顧客獲得が何よりも大事だということであれば、安価で攻めるのが定石ですし、当面の利益やブランディングが大事なのであれば無闇に価格を下げるのはおすすめできません。

このように価格設定にもさまざまな考え方があります。

以下に価格戦略のパターンをまとめた記事が3つありますので、あわせてご参照ください。

価格戦略の基本は?

売上を上げるためにかかる原価・販管費の算定

売上を上げるためには、原価もかかりますし、人員も必要になります。

メーカーの場合、原価は仕入、材料費、加工費などから計算します。

一方で、無形サービスを販売する場合は原価はほとんどゼロのケースもあります。

販管費は、人件費、営業費、販促費、開発費、旅費等です。

また、費用は売上に応じて変動する変動費と、売上に関わらず一定の固定費に分けて考えるのがよいでしょう。

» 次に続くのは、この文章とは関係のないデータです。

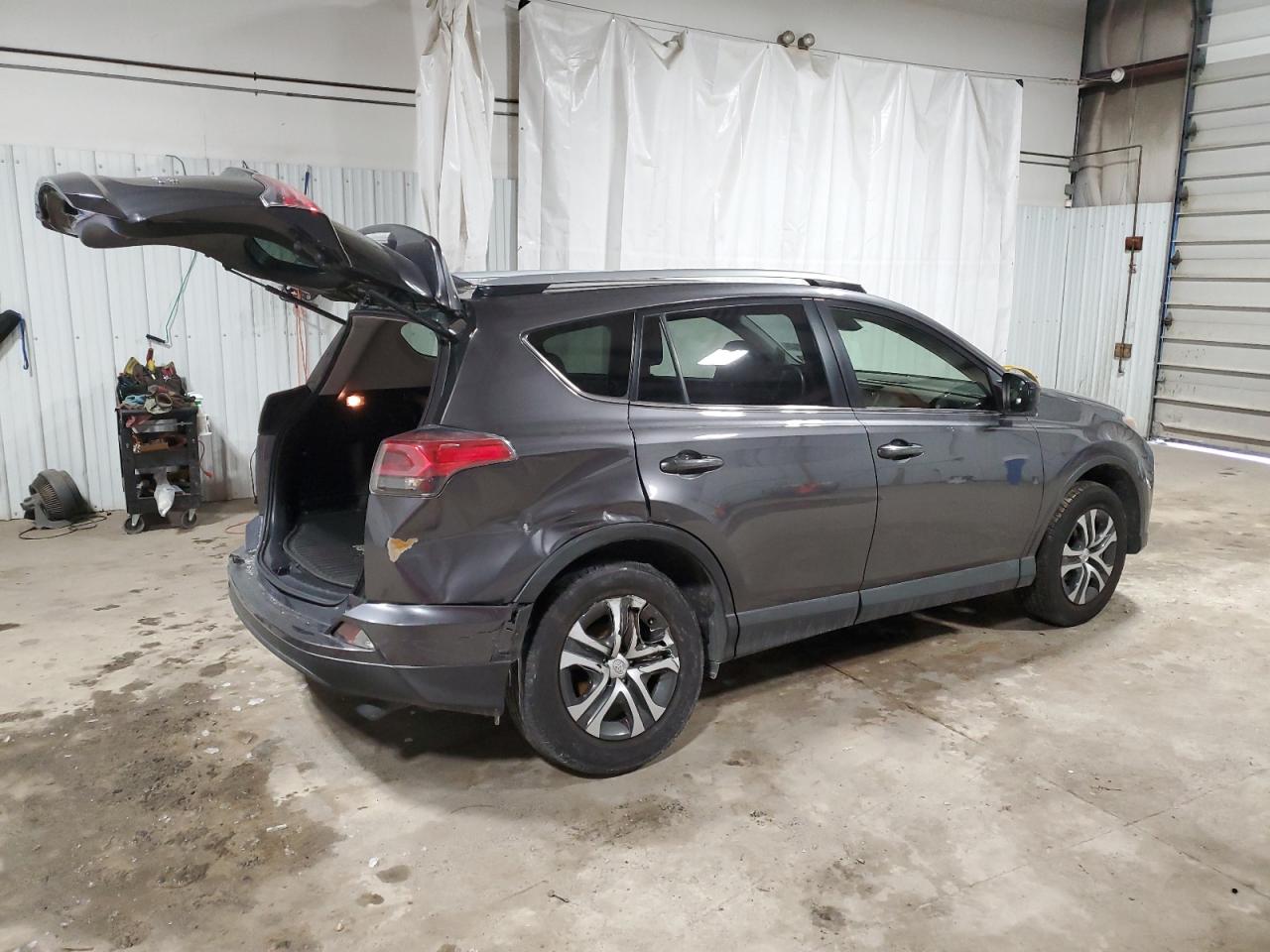 2017 Toyota RAV 4 - Image 3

前段の売上もそうですが、一般的には事業開始当初5年くらいの間は月次で計画を考えていきます。

費用の前提を誤ると、事業がスタートしてからのマネジメントが大変なので、できる限り精度の高い根拠を持った数字にする必要があります。

したがって、これまで経験で費用が見積もれない場合は、その事業または似た費用構造を持つ専門家の助けてもらうことをおすすめします。

必要投資の算定

物づくりだと設備投資などの投資の算定が必要になります。

投資は、損益計算書(P/L)上は減価償却費として認識されますが、キャッシュフロー計算書上はワンタイムのキャッシュアウトとなるため、巨額な投資があると資金繰りへの影響がとても大きくなります。

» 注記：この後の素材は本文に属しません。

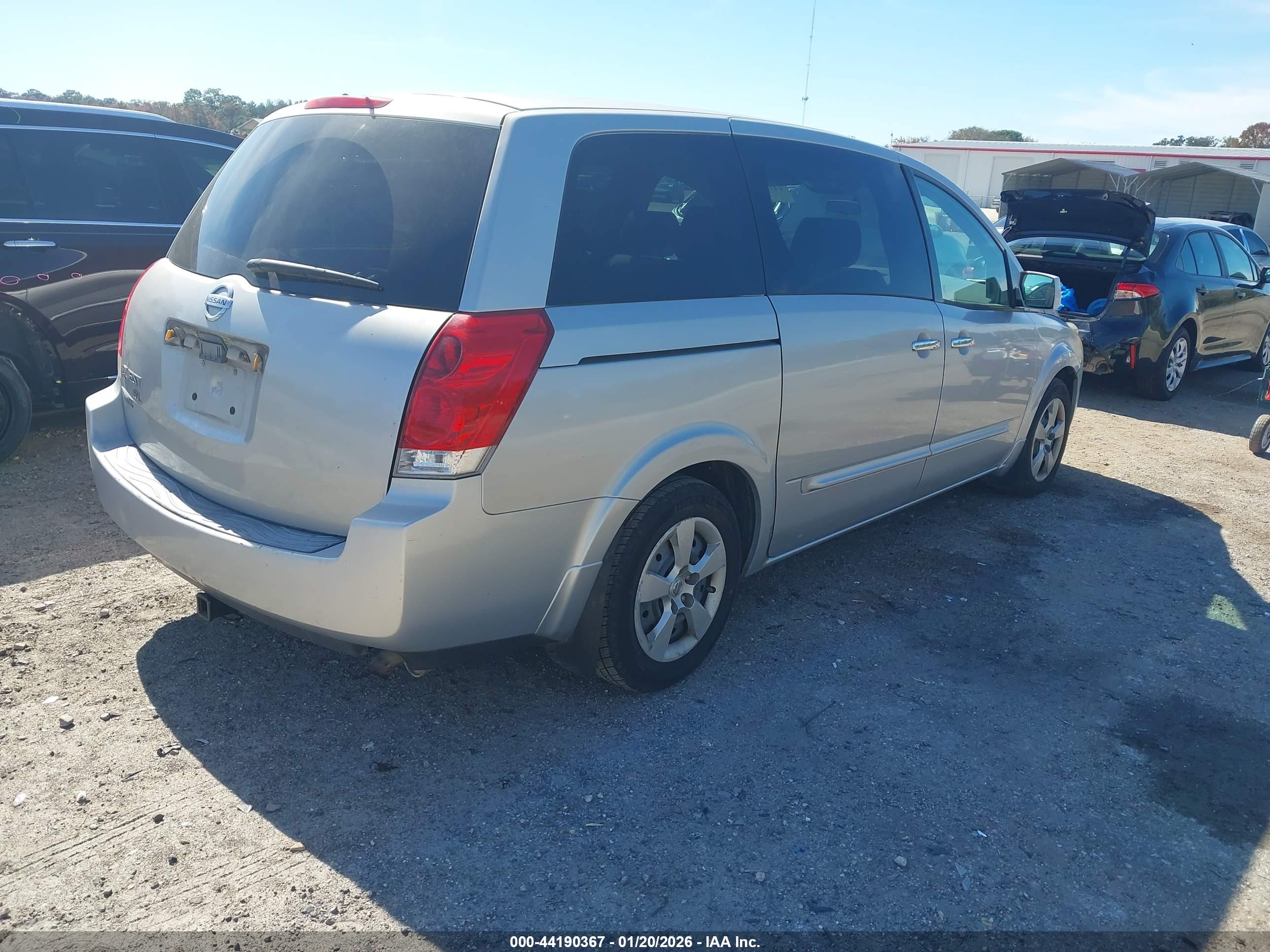 NISSAN QUEST image 4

したがって、費用と同様に専門家に金額を精査してもらったり、発注先の見込みがあるのであれば、ラフな見積りを入手しておくのが無難です。

P/Lとキャッシュフロー計算書の算定

以上のことができると、ほぼ自動的に損益計算書(P/L)キャッシュフロー計算書が出来上がります。

新規事業の場合、P/Lよりもキャッシュフローが重視されます。

なぜなら、どんなにP/Lが綺麗に仕上がっても、キャッシュが無ければ事業継続ができないからです。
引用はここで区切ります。